L'IGAS (inspection générale des affaires sociales) a pondu, comme c'est sa mission, un rapport sur l'AEEH (allocation d'éducation de l'enfant handicapé). Mieux, elle l'a publié. Il est très technique, mais que serait l'IGAS sinon ? Et bien que technique, il est d'excellente facture.
Il rejoint les critiques des associations, de ce que nous rencontrons tous les jours sur le terrain :
- difficultés à comprendre les différents compléments ;
- articulation délicate avec la PCH et l'AJPP ;
- hétérogénéité d'application entre les départements ;
Revue sur quelques points essentiels ou de détail.
Evolution des compléments d'AEEH
Le rapport préconise, en option 1, une séparation entre les compléments qui tiennent compte du recours à une tierce personne (parent ou salarié) et ceux qui tiennent compte des frais.
Cela assurerait une meilleure lisibilité des décisions de la CDAPH et des droits à l'AEEH.
Le rapport propose donc qu'il y ait :
- un complément par rapport à la réduction d'activité des parents (ou à l'embauche d'un salarié) ;
- un autre complément lié aux frais .
Cette proposition me semble simple à mettre en œuvre et de nature à faciliter les décisions des CDAPH et la compréhension de leurs décisions.
L'IGAS propose de rendre le complément lié à la réduction d'activité des parents proportionnel à cette réduction, en supprimant les effets de seuil.

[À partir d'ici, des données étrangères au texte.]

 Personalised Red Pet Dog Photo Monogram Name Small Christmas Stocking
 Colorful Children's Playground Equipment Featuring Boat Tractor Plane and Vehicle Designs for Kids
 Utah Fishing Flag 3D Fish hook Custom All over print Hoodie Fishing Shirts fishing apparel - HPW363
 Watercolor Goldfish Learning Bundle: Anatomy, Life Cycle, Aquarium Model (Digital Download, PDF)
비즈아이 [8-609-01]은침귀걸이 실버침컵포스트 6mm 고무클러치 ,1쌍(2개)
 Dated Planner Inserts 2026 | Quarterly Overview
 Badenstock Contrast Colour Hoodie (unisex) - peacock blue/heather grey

C'est tout à fait justifiable et faisable, la question se portant parfois sur 1 % de temps partiel. Il me semble qu'il faudrait aussi que la CNSA diffuse, comme CNAF et CCMSA, des modalités d'appréciation du temps partiel ou de l'absence d'activité. Au niveau des prestations familiales, il y a des règles pour les assistantes maternelles, pour les employés de maison, pour les entreprises n’appliquant pas les 35 heures, pour les tresseurs d'échalottes etc … Par souci de cohérence, il faudrait que les mêmes règles s'appliquent pour les compléments d'AEEH dans les décisions de la CDAPH.
L'information
L'IGAS insiste à juste titre sur la nécessité d'une meilleure information des bénéficiaires potentiels.
Curieusement, elle se plante à deux reprises au moins sur les conditions d'ouverture du droit à l'AEEH. Comme c'est dans des notes en bas de page, il lui sera facilement pardonné.

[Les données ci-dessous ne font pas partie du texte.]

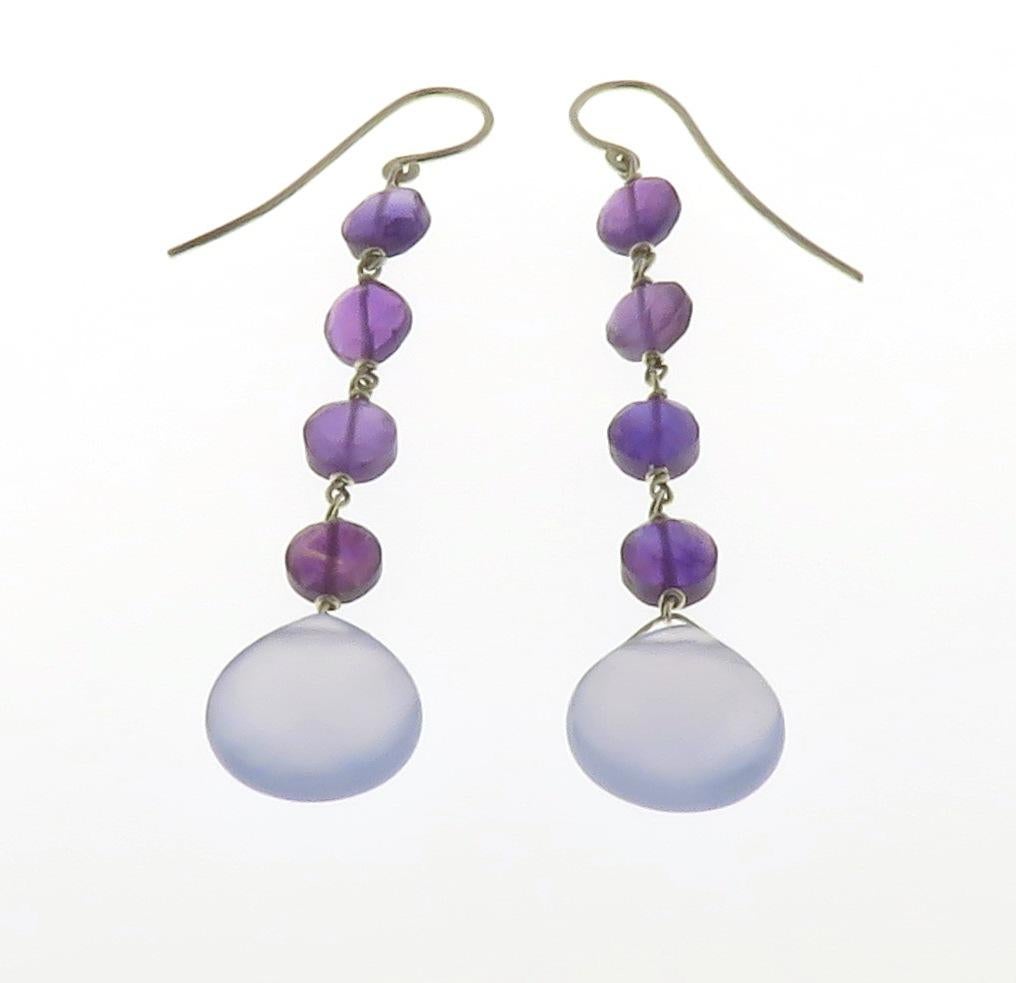 Women's Chalcedony Amethyst 9 Karat White Gold Dangle Earrings Handcrafted in Italy For Sale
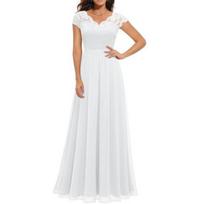 Elegantiška šifono V formos iškirptės nėriniais vakarinė suknelė ilga A formos maksi suknelė nuotakos mamai, pamergei, vestuvių svečiui, vakarėliui M white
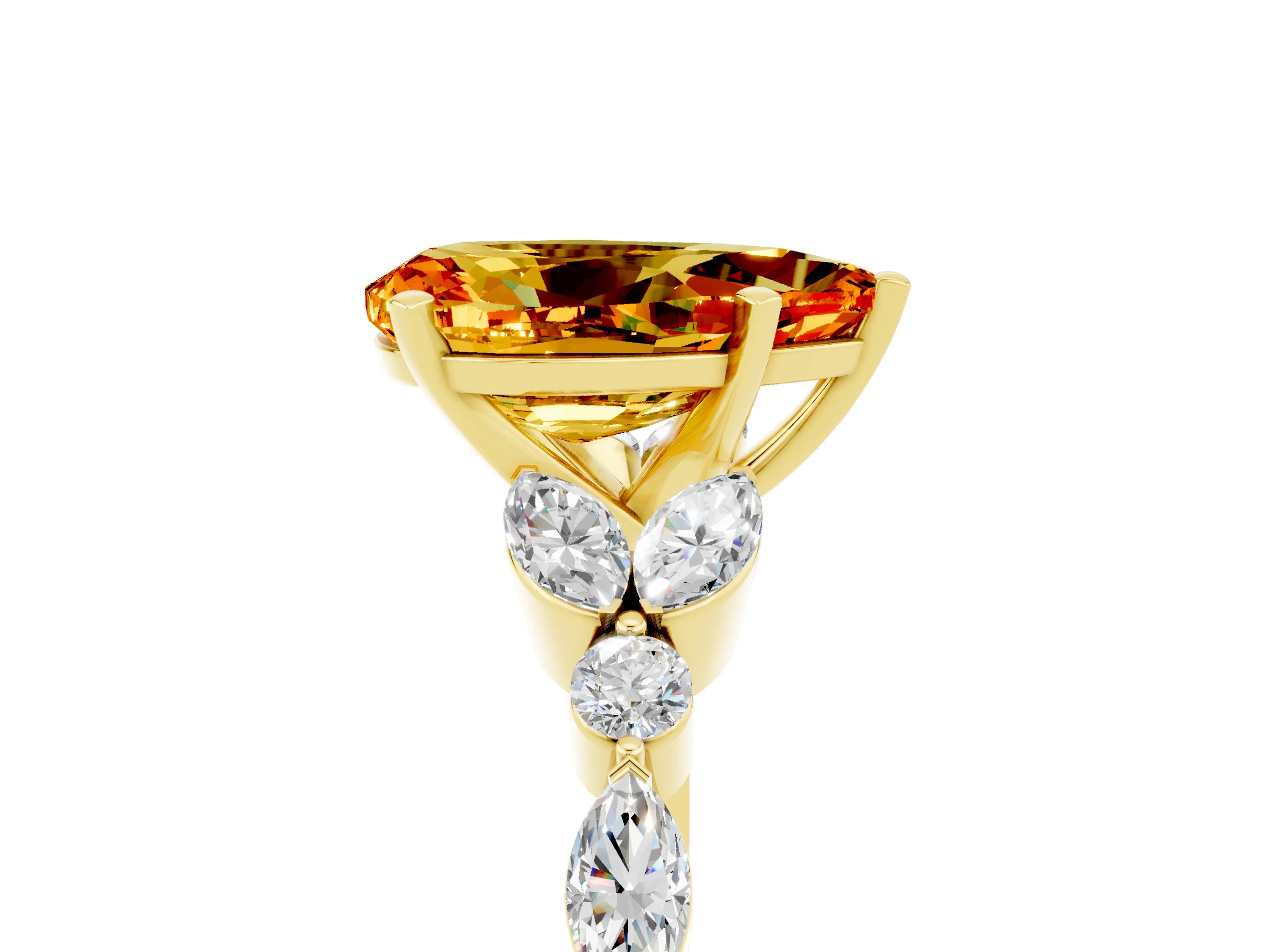 Yellow gold Pear Cut Citrine Solitaire Ring with Side Stones and Four-Prong Setting_17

Note 3 page 13, page 41 note 27: erreur sur les conditions d'ouverture du droit à l'AEEH lorsque le taux de handicap est compris entre 50 % et moins de 80 %. La condition de suivi par un service d'éducation spéciale ou de soins à domicile a été supprimée par la loi de 2005.
Malheureusement, c'est une erreur commune, qui se retrouve sur les sites et dépliants d'information des CAF et MSA !! Depuis longtemps, la CNAF et la CCMSA en ont été averties, mais n'ont toujours pas mis leurs sites à jour, alors que le site service public l'a fait en moins de 3 jours.

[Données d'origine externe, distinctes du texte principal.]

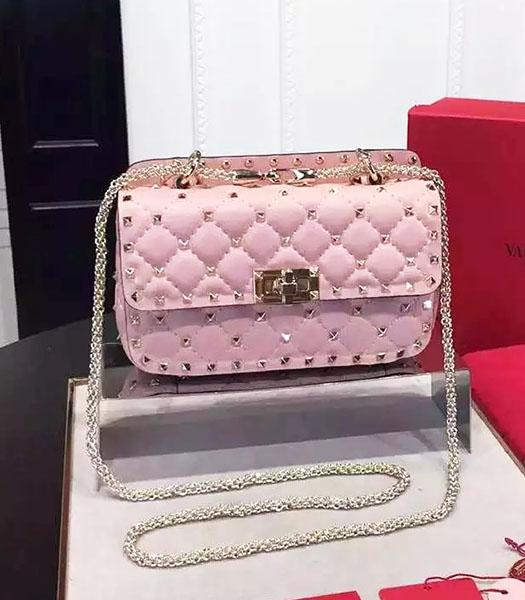 Valentino Golden Rivets Sheepskin Leather 20cm Small Bag Pink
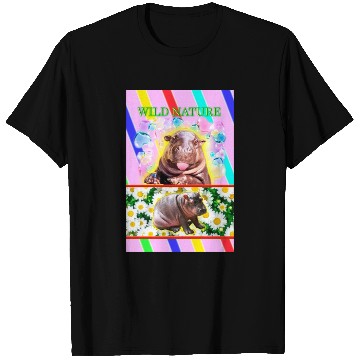 Discover WILD NATURE. HIPPO design collection.poster T Shirts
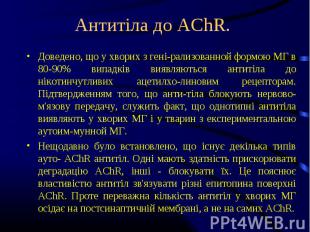 Доведено, що у хворих з гені&shy;рализованной формою МГ в 80-90% випадків виявля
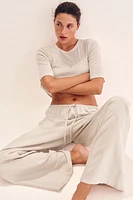 Linen-Blend Drawstring Pants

L'AEEH peut être attribuée lorsqu'il y a des mesures d'accompagnement (comme l'octroi d'un.e AVS, ce qui est un mode d'entrée très fréquent dans la prestation) ou des soins considérés comme justifiés par la CDAPH.
Voir Post Scriptum
Le rapport reproduit un tableau de la direction de la sécurité sociale sur les montants et conditions d'ouverture du droit à l'AEEH et ses compléments. J'avais fait un tableau semblable pour le site internet de la MSA d'Armorique quand j'y travaillais, mais ce qu'on appelle la rationalisation (que pas une page internet soit différente) l'a fait disparaître. Le webmestre d'Asperansa a fait une page mise à jour tous les ans.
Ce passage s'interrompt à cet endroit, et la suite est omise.